A stand-alone webapp to automate importing data from various sources into CKAN
and its DataStore.
Install and Deployment
Get it from github:
git clone ...
We use foreman (as provided by Heroku)
foreman start -f Procfile-dev
Implementation
Focus on import of Data Package stored in Github
Import of a Generic Data Package
- Given URL to datapackage.json
- optionally a specific file(s) that have changed
- plus the CKAN API Key (our bearer token)
- Identify target CKAN dataset
- Use DataPackage.name attribute for Dataset name
- Identify target resources (by name)
- Start import process for each data file
Import of a Single Tabular Data Package resource
Require
- CSV file URL
- schema (optional?)
- Target resource id (or dataset name + resource name?)
- CKAN API Key
Steps:
- Load CSV file (into memory or do we stream?)

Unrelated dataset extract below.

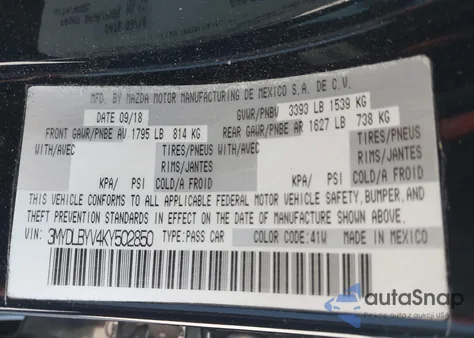 2019 Toyota Yaris L/Le/Xle из США, поврежденный, VIN 3MYDLBYV4KY502850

- (?) Check Schema is valid
- Convert Schema to DataStore schema
- Send data to DataStore
Github hook
- Receive webhook payload
- Determine if any action needed
- Boot up Data package import process
Extras / questions
- Handle data file renames
- How do we deal with a schema change (e.g. a change in type)
- Ans: if we drop data resource content and recreate we should be ok ...
- Do we try to be smart with updates and only push changed rows (probably not)
User Stories
Persona:
- Data User - less sophisticated (uses Excel but may not know what an API is)
- Data Wrangler - more sophisticated (knows what an API is)
Import File and get Data API
As a Data Wrangler I want to provide my file and have it imported into CKAN so that I get a Data API
What kind of file?
- CSV file
- Excel file
- GeoJSON file
- ...
How do I provide
- web interface
- API (POST/GET url string or POST file content)
Questions:
- Do we validate the file?
- Do we have some process for e.g. tweaking the field types
- What is the mapping between file and Dataset / Resource
Implementation
- DataPusher already does most of this
- What's missing is any kind of edit metadata step
- No user interface
As a XXX I want to push my data file to github and have it automatically create/update the CKAN DataStore so that my Data API is up to date
- This is very similar to import file - only difference is we get push notifications (github webhooks). so merge this with that example.
Github import
As a XXX I want to push my tabular data package to github and have it automatically create/update the CKAN DataStore so that my Data API is up to date
- As it is already a data package importing should be very simple
- If file is large we may need to worry about queues etc but probably keep it simple for present
- How do we determine dataset to associate this with in CKAN?
One-Click Create a Dataset
As a XXX I want to provide my file and have it imported into CKAN so that I get a nice Dataset
- what distinguishes from existing system? Ans: one-click nature
Automated regular import
As a Data Wrangler I want to have my data file automatically re-imported at regular intervals so that the DataStore (and Data API) stays up to date with my data.